## Aim of the exercise
Without skipping a line, reproduce the entries exactly.
****************************************
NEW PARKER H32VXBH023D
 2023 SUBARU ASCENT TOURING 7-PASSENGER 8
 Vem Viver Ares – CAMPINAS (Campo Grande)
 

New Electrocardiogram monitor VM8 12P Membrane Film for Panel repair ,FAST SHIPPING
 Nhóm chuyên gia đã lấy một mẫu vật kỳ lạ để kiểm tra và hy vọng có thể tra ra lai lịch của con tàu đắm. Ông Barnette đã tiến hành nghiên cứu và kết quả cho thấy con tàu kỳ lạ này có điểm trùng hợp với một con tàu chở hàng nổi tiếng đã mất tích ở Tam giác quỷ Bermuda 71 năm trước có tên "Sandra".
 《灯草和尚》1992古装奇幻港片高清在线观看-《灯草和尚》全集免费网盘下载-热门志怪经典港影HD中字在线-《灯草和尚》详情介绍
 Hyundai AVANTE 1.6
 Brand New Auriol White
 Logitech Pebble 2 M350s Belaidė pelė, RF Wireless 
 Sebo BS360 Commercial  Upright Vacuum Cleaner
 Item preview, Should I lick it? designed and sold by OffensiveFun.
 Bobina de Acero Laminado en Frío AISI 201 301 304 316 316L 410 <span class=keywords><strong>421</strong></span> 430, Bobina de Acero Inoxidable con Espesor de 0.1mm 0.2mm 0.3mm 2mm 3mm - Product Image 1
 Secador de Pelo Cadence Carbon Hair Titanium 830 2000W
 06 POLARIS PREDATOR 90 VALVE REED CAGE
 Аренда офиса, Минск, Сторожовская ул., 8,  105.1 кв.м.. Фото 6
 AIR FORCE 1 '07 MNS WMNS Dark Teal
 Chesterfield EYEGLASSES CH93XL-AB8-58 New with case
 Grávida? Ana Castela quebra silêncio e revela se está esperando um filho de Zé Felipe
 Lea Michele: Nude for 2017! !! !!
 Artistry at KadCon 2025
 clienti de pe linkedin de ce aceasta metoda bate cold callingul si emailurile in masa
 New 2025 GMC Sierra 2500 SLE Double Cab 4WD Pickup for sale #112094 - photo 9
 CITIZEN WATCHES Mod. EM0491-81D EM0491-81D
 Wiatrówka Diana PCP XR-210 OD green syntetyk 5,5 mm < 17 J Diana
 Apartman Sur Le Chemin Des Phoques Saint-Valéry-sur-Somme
****************************************
## Task response
NEW PARKER H32VXBH023D
 2023 SUBARU ASCENT TOURING 7-PASSENGER 8
 Vem Viver Ares – CAMPINAS (Campo Grande)
 

New Electrocardiogram monitor VM8 12P Membrane Film for Panel repair ,FAST SHIPPING
 Nhóm chuyên gia đã lấy một mẫu vật kỳ lạ để kiểm tra và hy vọng có thể tra ra lai lịch của con tàu đắm. Ông Barnette đã tiến hành nghiên cứu và kết quả cho thấy con tàu kỳ lạ này có điểm trùng hợp với một con tàu chở hàng nổi tiếng đã mất tích ở Tam giác quỷ Bermuda 71 năm trước có tên "Sandra".
 《灯草和尚》1992古装奇幻港片高清在线观看-《灯草和尚》全集免费网盘下载-热门志怪经典港影HD中字在线-《灯草和尚》详情介绍
 Hyundai AVANTE 1.6
 Brand New Auriol White
 Logitech Pebble 2 M350s Belaidė pelė, RF Wireless 
 Sebo BS360 Commercial  Upright Vacuum Cleaner
 Item preview, Should I lick it? designed and sold by OffensiveFun.
 Bobina de Acero Laminado en Frío AISI 201 301 304 316 316L 410 <span class=keywords><strong>421</strong></span> 430, Bobina de Acero Inoxidable con Espesor de 0.1mm 0.2mm 0.3mm 2mm 3mm - Product Image 1
 Secador de Pelo Cadence Carbon Hair Titanium 830 2000W
 06 POLARIS PREDATOR 90 VALVE REED CAGE
 Аренда офиса, Минск, Сторожовская ул., 8,  105.1 кв.м.. Фото 6
 AIR FORCE 1 '07 MNS WMNS Dark Teal
 Chesterfield EYEGLASSES CH93XL-AB8-58 New with case
 Grávida? Ana Castela quebra silêncio e revela se está esperando um filho de Zé Felipe
 Lea Michele: Nude for 2017! !! !!
 Artistry at KadCon 2025
 clienti de pe linkedin de ce aceasta metoda bate cold callingul si emailurile in masa
 New 2025 GMC Sierra 2500 SLE Double Cab 4WD Pickup for sale #112094 - photo 9
 CITIZEN WATCHES Mod. EM0491-81D EM0491-81D
 Wiatrówka Diana PCP XR-210 OD green syntetyk 5,5 mm < 17 J Diana
 Apartman Sur Le Chemin Des Phoques Saint-Valéry-sur-Somme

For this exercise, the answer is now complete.